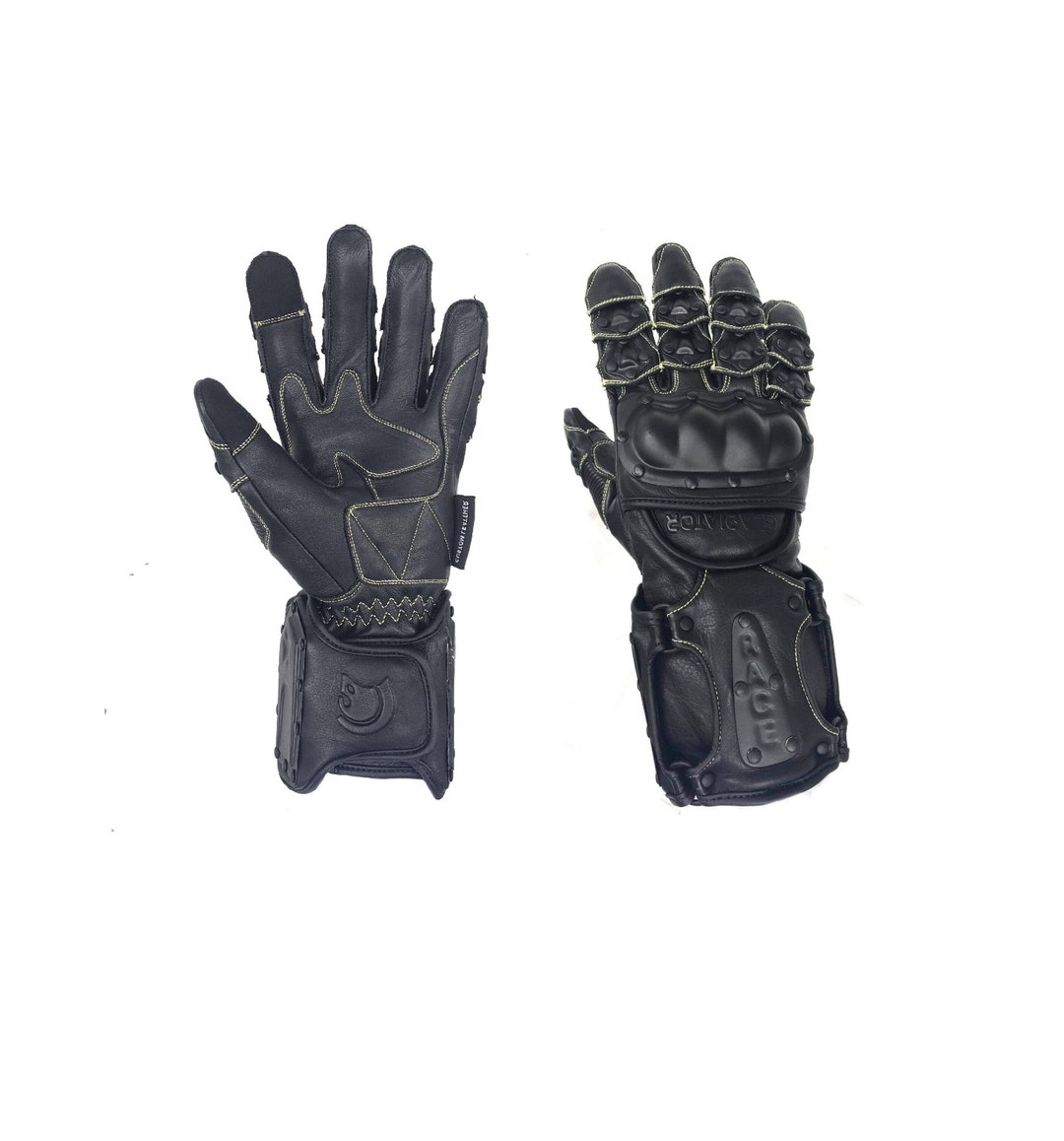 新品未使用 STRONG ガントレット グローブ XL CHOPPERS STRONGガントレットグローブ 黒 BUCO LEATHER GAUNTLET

==============================

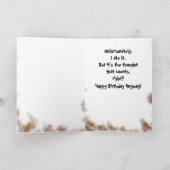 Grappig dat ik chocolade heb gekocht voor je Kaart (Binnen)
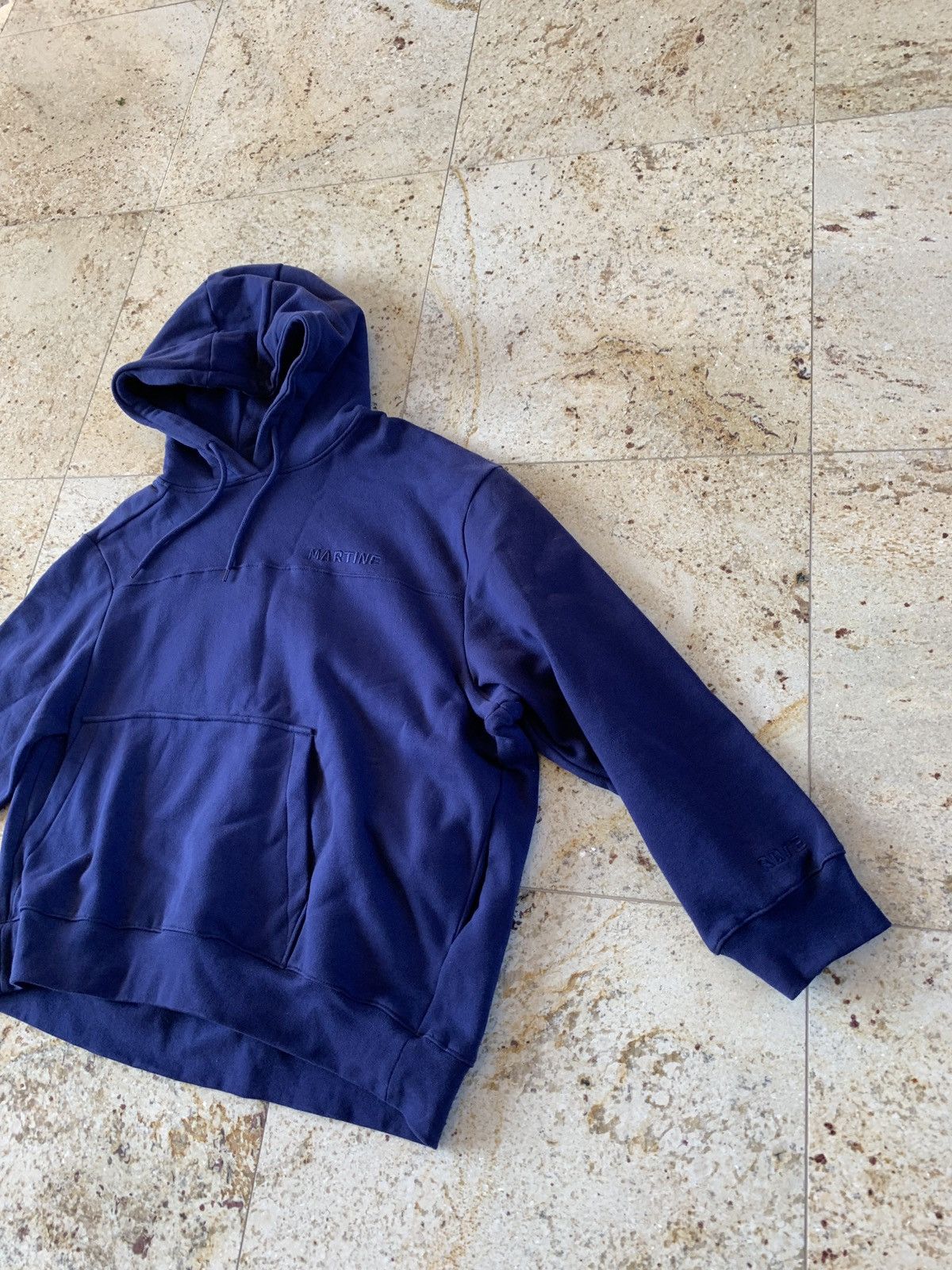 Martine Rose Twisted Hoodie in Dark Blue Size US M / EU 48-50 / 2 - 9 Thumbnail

==============================

What the task asks>
All pictures are to be skipped. Output, word for word, the lines in the data above starting at the line containing "Grappig dat ik" and ending at the line containing "Martine Rose Twisted".

Solution to this problem>
 Grappig dat ik chocolade heb gekocht voor je Kaart (Binnen)
 Martine Rose Twisted Hoodie in Dark Blue Size US M / EU 48-50 / 2 - 9 Thumbnail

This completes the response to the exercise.